'''

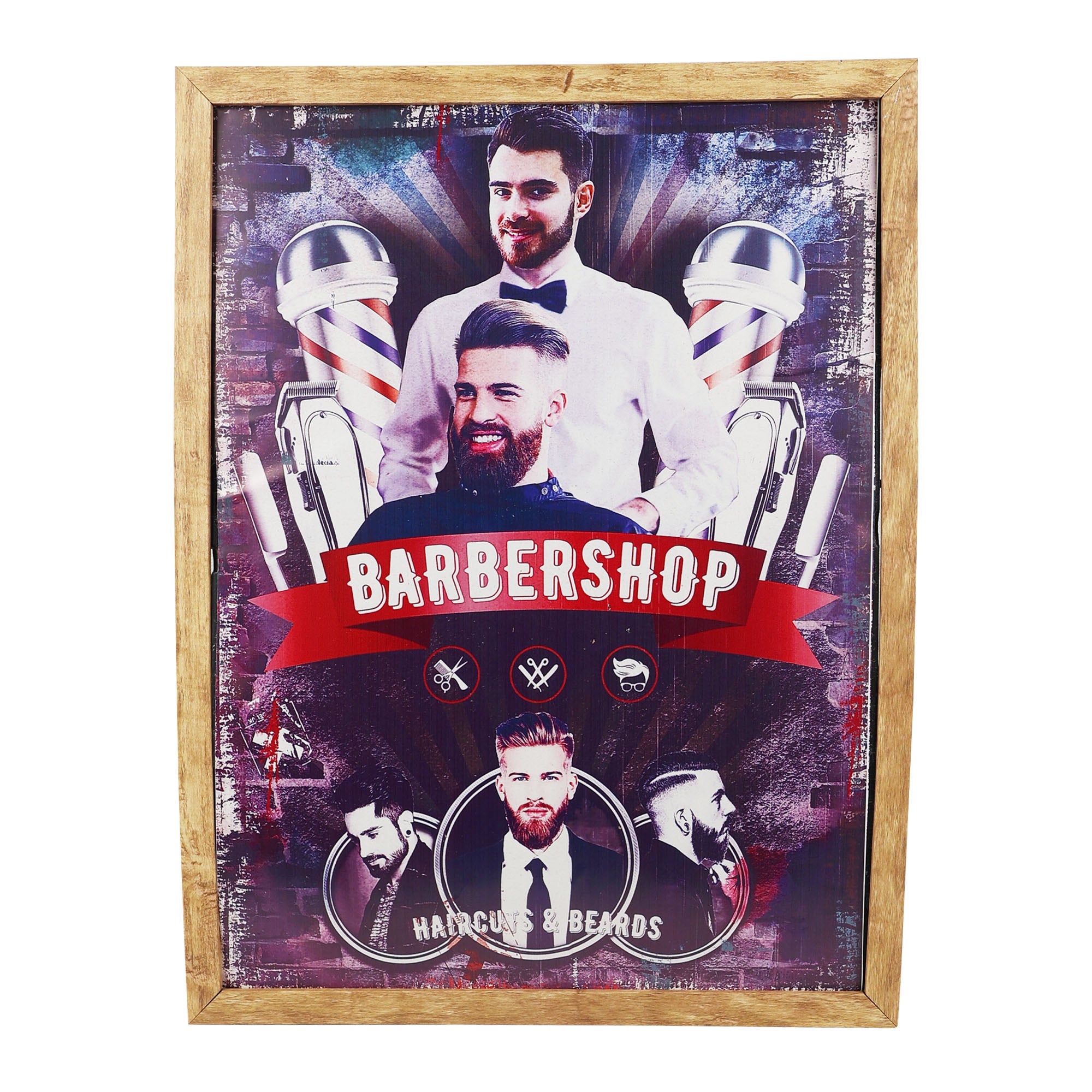 Eson - Barbershop Wall Art Classic Haircuts & Beards Themed Framed Poster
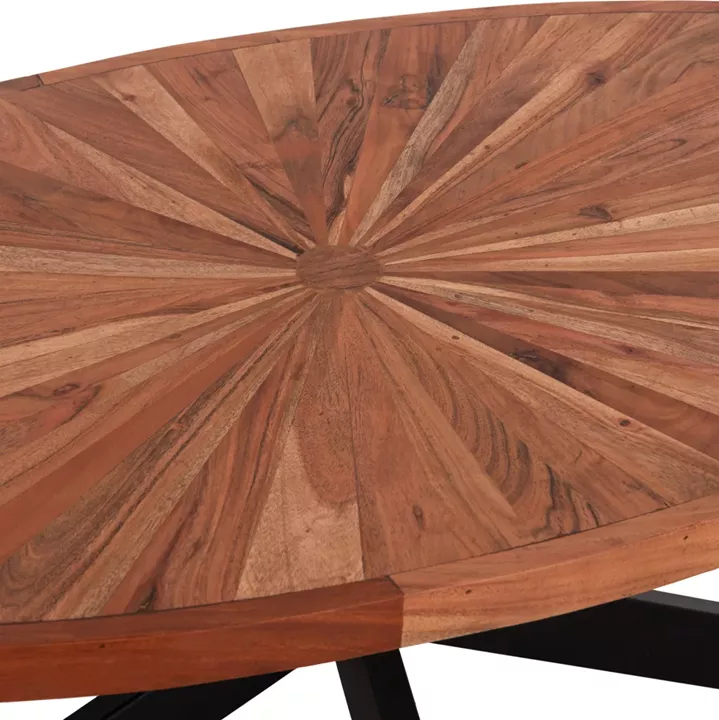 ΤΡΑΠΕΖΙ ΣΑΛΟΝΙΟΥ ΟΒΑΛ MONTANA SUPERIOR HM9906 ΞΥΛΟ ΑΚΑΚΙΑΣ-ΜΕΤΑΛΛΟ 120x61x45Υεκ.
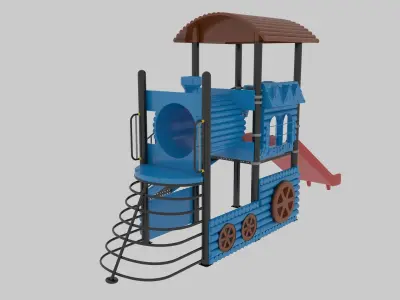 Train Style Playground 1 Low-poly 3D model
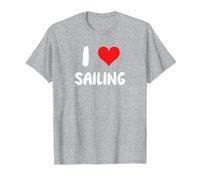 I Love Sailing - Sailor Captain Yacht Bosun Stew Boat T-Shirt, Homme, Gris Chiné, S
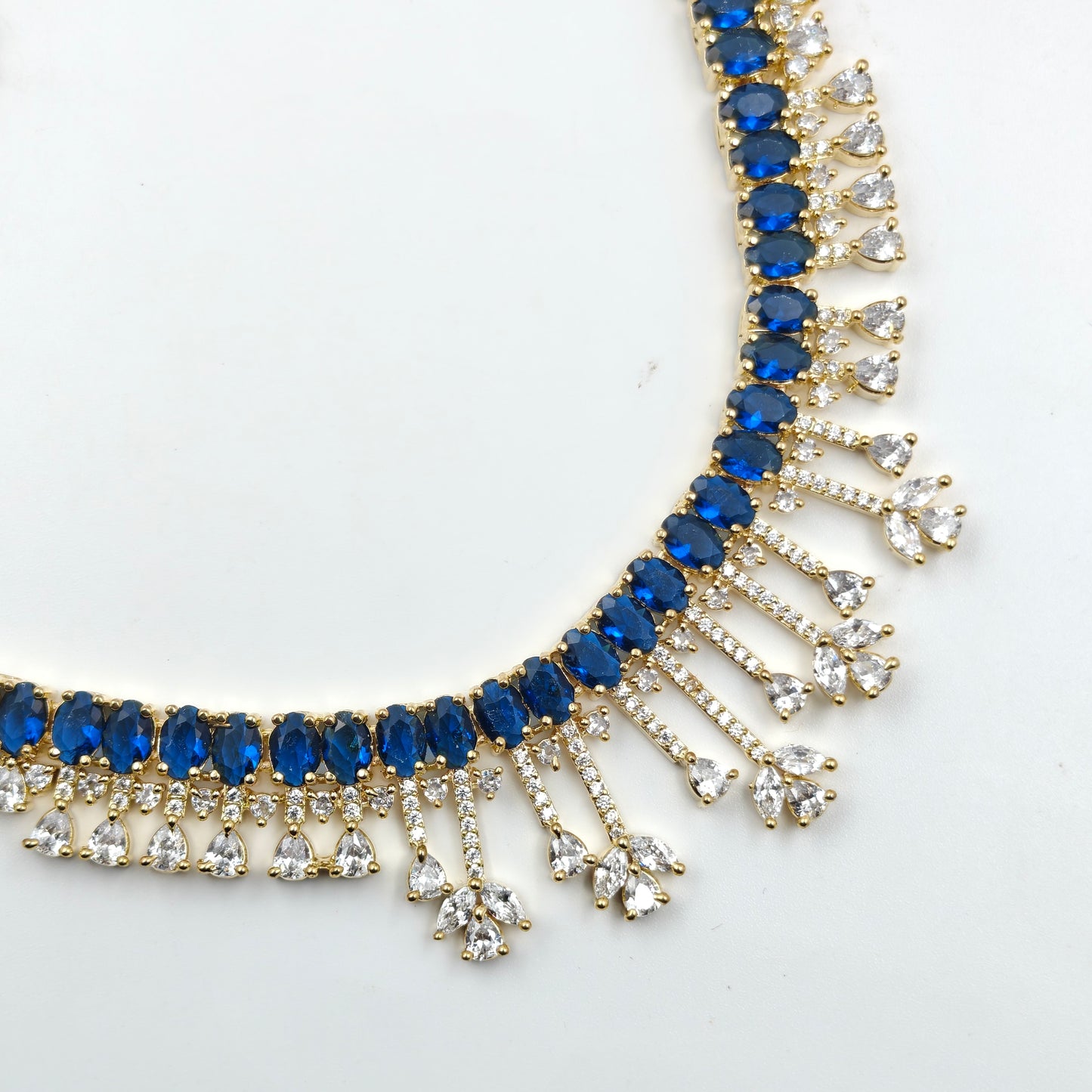 19392/19393 GP AD Blue Stone Short Necklace Set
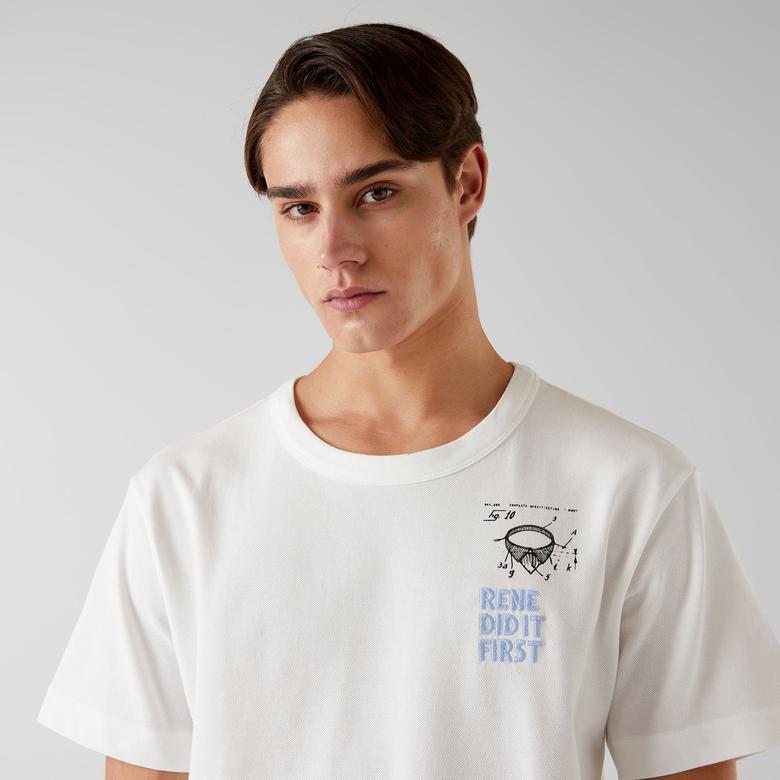 Lacoste Bisiklet Yaka Baskılı Erkek Beyaz T-Shirt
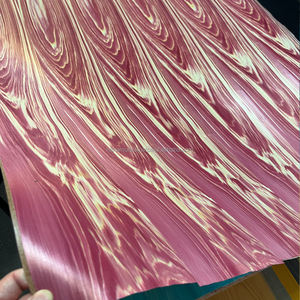 Papel Washi Japonés Teñido Rojo Patentado, con Reverso No Tejido, Acabado Texturizado Flexible, Lámina de Chapa de Ciprés Hinoki - Product Image 4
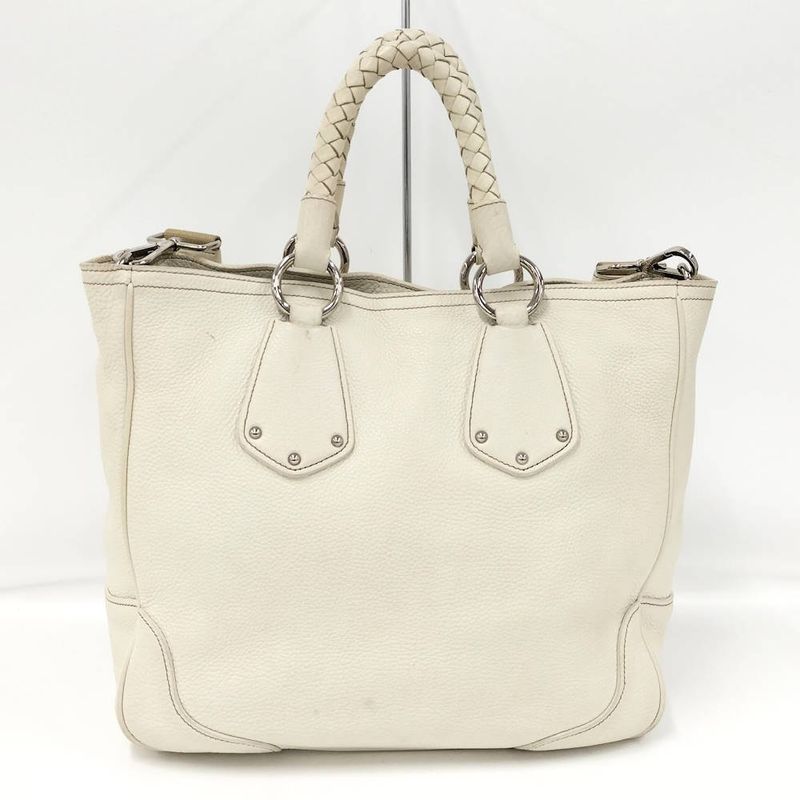 Prada 2-Way Tote Leather White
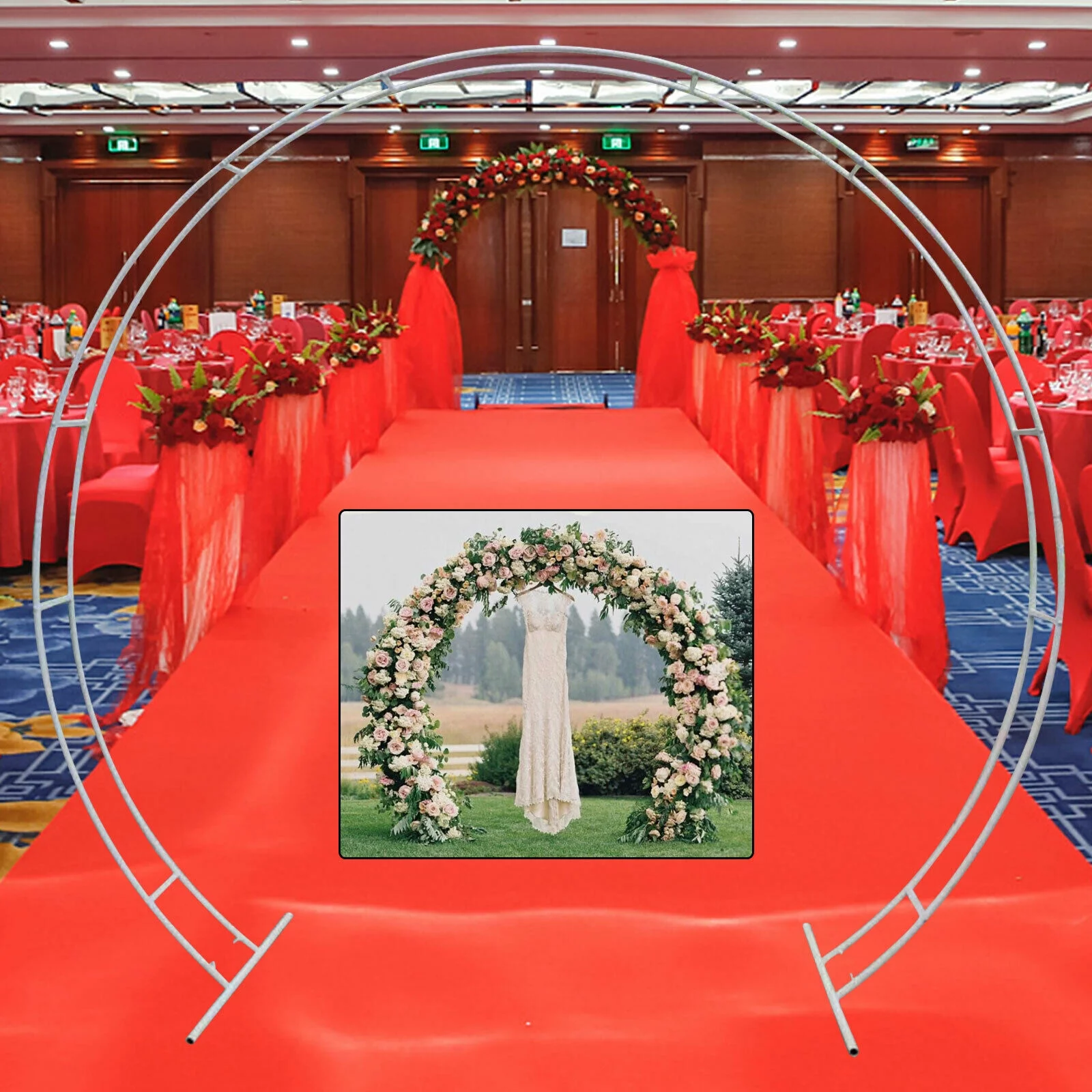 YIYIBYUS 2.7M Wedding Arch Circle Backdrop Stand Party Backdrop Photography Props Rack Metal Flower Balloon Frame Anniversary Events Road Guide White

'''

When you write out the material above, keep every line exact and drop each picture.

 Eson - Barbershop Wall Art Classic Haircuts & Beards Themed Framed Poster
 ΤΡΑΠΕΖΙ ΣΑΛΟΝΙΟΥ ΟΒΑΛ MONTANA SUPERIOR HM9906 ΞΥΛΟ ΑΚΑΚΙΑΣ-ΜΕΤΑΛΛΟ 120x61x45Υεκ.
 Train Style Playground 1 Low-poly 3D model
 I Love Sailing - Sailor Captain Yacht Bosun Stew Boat T-Shirt, Homme, Gris Chiné, S
 19392/19393 GP AD Blue Stone Short Necklace Set
 Lacoste Bisiklet Yaka Baskılı Erkek Beyaz T-Shirt
 Papel Washi Japonés Teñido Rojo Patentado, con Reverso No Tejido, Acabado Texturizado Flexible, Lámina de Chapa de Ciprés Hinoki - Product Image 4
 Prada 2-Way Tote Leather White
 YIYIBYUS 2.7M Wedding Arch Circle Backdrop Stand Party Backdrop Photography Props Rack Metal Flower Balloon Frame Anniversary Events Road Guide White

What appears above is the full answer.